"""

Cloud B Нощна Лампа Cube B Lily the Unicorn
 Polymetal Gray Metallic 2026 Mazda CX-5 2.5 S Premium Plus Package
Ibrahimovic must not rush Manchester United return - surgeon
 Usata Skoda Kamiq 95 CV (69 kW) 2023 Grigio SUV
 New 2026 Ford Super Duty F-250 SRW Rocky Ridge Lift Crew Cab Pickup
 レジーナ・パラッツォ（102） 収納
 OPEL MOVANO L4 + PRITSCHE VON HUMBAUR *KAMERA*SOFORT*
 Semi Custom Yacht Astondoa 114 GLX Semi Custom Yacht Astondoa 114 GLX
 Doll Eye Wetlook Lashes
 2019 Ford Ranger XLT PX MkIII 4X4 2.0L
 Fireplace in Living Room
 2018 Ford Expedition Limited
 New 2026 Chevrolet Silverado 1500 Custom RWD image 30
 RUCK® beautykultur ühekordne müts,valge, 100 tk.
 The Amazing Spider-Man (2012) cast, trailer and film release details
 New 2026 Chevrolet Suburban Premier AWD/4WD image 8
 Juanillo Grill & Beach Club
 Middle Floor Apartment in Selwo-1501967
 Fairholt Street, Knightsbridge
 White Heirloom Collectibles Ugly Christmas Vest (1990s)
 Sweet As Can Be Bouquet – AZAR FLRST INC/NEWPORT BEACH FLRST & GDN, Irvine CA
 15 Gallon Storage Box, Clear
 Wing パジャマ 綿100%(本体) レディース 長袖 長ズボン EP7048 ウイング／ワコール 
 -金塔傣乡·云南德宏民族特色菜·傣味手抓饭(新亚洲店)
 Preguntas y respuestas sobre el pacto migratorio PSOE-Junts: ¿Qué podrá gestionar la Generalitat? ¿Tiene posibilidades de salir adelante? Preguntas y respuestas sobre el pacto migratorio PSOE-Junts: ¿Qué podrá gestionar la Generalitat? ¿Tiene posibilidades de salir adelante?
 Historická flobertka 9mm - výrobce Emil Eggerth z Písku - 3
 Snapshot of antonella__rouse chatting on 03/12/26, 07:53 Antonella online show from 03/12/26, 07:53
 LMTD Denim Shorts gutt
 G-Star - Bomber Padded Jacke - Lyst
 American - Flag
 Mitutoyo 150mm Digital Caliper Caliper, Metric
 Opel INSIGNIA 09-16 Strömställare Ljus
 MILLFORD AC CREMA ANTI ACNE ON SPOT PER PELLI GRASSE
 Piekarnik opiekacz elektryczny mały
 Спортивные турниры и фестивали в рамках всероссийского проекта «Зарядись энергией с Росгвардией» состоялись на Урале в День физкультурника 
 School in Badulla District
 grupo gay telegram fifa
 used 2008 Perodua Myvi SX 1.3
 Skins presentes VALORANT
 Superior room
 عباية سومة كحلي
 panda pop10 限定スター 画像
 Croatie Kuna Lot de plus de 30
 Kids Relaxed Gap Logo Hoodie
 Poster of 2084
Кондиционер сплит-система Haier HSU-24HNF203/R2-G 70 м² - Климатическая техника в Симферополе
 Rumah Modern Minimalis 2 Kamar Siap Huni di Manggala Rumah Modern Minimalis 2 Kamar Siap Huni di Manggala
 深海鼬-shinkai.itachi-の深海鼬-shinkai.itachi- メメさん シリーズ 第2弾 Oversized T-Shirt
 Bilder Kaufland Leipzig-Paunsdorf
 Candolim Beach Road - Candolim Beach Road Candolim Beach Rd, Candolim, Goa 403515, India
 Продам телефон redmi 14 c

"""

**Your instructions:**
Reproduce the lines from the one containing "深海鼬-shinkai.itachi-の深海鼬-shinkai.itachi- メメさん シリーズ" to the end of the entries, keeping both ends and adding nothing.

**Solution below:**
 深海鼬-shinkai.itachi-の深海鼬-shinkai.itachi- メメさん シリーズ 第2弾 Oversized T-Shirt
 Bilder Kaufland Leipzig-Paunsdorf
 Candolim Beach Road - Candolim Beach Road Candolim Beach Rd, Candolim, Goa 403515, India
 Продам телефон redmi 14 c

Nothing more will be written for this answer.